Civil engineering firms will need to improve the inclusiveness of their cultures if they want to attract a diverse pool of talent, according to Indigo& chief executive Elspeth Finch.
Finch, who used to be innovation director at Atkins, warned engineering firms that a few brilliant women at senior levels did not automatically filter down into a diverse workforce. She added that the proportion of black, Asian and minority ethnic (Bame) engineering graduates that were being lost from the sector was too high and without more inclusive cultures this won’t be rectified. She was speaking at the NCE100 Breakfast Club: Engineering Equality event.
“We still are losing so much talent…there are brilliant examples but there are not enough. So are we creating the inclusive cultures?” she said.
Finch cited her early days as an engineer when she was often the only female engineer in a meeting, with emails addressed “Dear gentlemen and Elspeth”.
“These were just little mosquito bites and they don’t mean a lot individually, but collectively they make you feel less welcome,” she said.
Finch said her own firm was trying to build an inclusive firm from the start, including taking advice to ensure that they’re not holding on to their own retained bias.

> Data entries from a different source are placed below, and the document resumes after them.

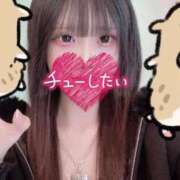 ヒメ日記 2025/02/05 13:52 投稿 ある コスパラ(梅田)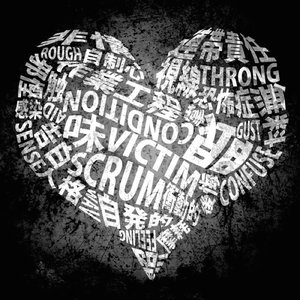 奥大利XXXXBBB com
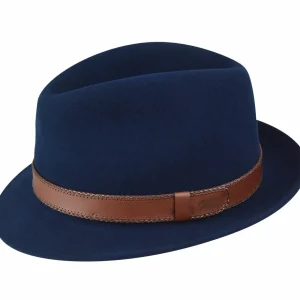 Bailey Hats Made In Usa | Perry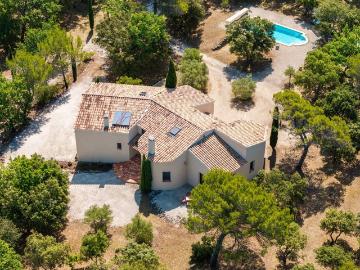 Maison de prestige en vente Pernes les Fontaines, France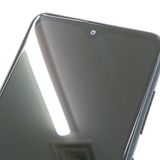 Galaxy A22 5G SC-56B �ɥ��� �֥�å� c15924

“We’re trying to build an inclusive culture from scratch. There’s no template,” she said.
This work includes rethinking recruitment planning. She also said it also encompassed more subtle things, such as women tend to use ‘we’ rather than ‘I’ when talking about their work.
“It’s something which really annoys me. One of the things we keep talking about is the need for authentic leaders, for people to be themselves who people can then want to follow. Well, how can you be an authentic leader as a woman if you’re then told not to be yourself?”
Finch said she has been told not to say ‘we’, but that was her natural characteristic and it shouldn’t diminish people’s perception of her as a leader.